- WORK ORDER -
For the records below, give the number of lines containing the word "Watch" and no other text.

__________________________________________________

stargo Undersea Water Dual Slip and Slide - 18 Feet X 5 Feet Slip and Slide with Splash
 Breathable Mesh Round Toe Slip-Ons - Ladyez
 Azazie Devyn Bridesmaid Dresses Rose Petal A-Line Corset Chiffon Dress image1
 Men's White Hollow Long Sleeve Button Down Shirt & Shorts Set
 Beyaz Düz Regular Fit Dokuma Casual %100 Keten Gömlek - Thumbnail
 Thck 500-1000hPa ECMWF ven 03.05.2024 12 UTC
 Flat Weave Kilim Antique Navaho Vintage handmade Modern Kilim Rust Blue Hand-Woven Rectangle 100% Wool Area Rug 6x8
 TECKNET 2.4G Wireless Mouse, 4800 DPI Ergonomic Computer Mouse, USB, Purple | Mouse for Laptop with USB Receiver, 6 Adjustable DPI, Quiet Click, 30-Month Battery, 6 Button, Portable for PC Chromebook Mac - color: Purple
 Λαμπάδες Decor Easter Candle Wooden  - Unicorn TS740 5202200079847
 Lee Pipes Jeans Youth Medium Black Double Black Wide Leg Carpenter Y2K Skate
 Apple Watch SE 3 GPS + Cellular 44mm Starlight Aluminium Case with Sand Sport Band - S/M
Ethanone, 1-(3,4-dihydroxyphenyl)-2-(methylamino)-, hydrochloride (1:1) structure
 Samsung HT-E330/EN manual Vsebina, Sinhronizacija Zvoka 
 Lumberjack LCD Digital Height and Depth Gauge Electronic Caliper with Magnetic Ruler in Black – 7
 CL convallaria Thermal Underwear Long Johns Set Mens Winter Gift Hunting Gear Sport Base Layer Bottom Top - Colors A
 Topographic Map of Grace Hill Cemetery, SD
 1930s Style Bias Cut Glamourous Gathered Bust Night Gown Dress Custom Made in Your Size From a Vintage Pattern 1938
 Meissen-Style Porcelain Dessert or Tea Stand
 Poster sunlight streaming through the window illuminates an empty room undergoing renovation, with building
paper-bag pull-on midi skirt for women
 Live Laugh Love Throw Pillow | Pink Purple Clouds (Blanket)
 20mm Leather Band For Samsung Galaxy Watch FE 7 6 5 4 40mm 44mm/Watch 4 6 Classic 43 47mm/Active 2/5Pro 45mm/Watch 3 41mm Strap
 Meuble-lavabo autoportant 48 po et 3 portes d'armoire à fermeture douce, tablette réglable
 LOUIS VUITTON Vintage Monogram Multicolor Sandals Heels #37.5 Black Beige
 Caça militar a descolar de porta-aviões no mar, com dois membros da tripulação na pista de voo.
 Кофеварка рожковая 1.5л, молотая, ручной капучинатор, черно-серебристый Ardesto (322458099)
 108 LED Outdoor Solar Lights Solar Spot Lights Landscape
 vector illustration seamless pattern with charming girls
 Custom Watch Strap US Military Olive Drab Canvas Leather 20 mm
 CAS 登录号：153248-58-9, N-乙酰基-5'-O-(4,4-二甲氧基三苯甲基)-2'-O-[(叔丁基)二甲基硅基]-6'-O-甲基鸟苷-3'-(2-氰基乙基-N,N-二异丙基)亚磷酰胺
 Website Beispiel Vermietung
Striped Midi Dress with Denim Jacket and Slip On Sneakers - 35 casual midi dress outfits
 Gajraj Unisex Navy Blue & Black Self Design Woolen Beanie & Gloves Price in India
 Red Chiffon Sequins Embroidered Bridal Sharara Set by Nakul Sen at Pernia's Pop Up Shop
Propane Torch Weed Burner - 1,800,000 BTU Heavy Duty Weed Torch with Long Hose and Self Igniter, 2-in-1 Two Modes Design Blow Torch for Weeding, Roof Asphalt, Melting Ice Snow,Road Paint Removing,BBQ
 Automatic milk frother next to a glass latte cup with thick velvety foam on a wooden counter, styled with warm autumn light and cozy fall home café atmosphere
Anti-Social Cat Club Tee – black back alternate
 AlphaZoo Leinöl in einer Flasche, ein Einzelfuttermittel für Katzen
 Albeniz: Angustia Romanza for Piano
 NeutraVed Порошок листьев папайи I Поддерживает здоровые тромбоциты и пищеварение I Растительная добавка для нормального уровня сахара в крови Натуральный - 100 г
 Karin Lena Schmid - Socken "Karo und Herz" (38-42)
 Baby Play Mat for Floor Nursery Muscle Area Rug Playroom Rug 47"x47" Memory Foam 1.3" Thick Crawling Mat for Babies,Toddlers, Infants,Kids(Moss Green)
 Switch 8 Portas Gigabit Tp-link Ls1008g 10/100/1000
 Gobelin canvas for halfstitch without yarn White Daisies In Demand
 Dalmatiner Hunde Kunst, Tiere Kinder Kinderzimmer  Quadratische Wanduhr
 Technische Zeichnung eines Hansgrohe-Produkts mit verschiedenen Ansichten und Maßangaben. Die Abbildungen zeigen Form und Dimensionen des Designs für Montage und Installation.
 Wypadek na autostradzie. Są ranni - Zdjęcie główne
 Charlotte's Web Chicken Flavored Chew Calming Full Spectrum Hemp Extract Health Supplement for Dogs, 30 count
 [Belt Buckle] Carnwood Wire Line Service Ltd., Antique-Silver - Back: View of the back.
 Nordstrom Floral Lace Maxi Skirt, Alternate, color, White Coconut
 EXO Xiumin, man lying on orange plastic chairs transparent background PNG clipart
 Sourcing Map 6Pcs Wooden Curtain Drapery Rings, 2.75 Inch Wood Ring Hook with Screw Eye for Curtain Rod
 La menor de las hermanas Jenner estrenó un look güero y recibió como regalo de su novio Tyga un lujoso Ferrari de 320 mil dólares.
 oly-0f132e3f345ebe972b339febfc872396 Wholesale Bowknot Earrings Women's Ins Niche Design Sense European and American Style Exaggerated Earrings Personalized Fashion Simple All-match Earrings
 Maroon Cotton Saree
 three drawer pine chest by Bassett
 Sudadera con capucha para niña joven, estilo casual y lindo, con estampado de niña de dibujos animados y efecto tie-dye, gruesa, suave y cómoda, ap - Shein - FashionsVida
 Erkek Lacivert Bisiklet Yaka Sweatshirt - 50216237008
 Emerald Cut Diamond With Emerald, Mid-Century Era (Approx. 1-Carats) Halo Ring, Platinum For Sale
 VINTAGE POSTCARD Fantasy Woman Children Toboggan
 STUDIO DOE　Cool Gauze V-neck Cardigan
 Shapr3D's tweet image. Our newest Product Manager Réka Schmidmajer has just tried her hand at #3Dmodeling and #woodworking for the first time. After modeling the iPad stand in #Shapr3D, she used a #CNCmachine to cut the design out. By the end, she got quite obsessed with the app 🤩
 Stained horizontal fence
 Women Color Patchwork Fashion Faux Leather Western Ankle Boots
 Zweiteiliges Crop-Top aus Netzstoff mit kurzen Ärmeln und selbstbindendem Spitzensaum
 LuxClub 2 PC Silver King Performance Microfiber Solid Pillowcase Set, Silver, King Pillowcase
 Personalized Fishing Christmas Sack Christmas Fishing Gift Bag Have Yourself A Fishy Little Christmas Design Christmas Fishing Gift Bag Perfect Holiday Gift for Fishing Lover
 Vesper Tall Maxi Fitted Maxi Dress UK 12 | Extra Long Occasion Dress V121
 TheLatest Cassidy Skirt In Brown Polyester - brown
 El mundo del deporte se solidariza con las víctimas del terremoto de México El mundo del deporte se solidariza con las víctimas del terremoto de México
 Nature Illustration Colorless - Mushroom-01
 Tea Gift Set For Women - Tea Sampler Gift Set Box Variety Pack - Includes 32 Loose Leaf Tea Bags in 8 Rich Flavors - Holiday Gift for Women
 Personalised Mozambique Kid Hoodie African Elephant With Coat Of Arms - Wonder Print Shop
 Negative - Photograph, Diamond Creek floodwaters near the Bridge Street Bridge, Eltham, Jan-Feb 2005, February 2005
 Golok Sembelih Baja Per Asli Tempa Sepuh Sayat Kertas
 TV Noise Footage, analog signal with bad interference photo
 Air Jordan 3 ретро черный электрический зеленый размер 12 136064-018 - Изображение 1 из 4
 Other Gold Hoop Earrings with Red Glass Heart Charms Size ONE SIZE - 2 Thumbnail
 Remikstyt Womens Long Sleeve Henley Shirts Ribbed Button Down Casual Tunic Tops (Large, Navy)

__________________________________________________

- YOUR RESPONSE -
3